Task directions — Search the records for "Wall". Copy every line where it appears.

Dataset items —
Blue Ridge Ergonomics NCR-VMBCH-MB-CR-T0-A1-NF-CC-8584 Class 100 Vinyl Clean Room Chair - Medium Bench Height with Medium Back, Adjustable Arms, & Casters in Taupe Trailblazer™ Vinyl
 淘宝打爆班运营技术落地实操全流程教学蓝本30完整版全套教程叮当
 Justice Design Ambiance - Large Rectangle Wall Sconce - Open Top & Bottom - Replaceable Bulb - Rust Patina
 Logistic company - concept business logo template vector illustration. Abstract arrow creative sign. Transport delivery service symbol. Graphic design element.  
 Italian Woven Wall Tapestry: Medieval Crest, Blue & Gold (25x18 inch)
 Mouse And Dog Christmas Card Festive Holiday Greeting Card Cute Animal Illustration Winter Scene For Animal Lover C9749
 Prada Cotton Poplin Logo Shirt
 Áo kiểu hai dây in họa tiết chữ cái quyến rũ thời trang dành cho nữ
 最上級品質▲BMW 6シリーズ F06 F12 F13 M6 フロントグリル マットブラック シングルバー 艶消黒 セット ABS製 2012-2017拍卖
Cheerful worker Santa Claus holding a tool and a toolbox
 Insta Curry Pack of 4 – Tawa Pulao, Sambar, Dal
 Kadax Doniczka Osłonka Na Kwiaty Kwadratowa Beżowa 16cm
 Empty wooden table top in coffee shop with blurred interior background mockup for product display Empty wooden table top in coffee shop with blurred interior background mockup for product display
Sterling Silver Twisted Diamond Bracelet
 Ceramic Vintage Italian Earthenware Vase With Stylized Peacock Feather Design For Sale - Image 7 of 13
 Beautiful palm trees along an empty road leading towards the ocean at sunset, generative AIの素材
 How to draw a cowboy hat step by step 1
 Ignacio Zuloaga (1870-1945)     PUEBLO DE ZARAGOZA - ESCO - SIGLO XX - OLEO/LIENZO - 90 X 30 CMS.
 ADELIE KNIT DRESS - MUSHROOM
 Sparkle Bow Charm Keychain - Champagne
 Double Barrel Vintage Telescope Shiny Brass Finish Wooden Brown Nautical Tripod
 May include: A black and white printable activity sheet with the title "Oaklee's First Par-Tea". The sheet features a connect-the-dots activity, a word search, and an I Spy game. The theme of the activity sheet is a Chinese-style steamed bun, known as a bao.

Expected answer —
 Justice Design Ambiance - Large Rectangle Wall Sconce - Open Top & Bottom - Replaceable Bulb - Rust Patina
 Italian Woven Wall Tapestry: Medieval Crest, Blue & Gold (25x18 inch)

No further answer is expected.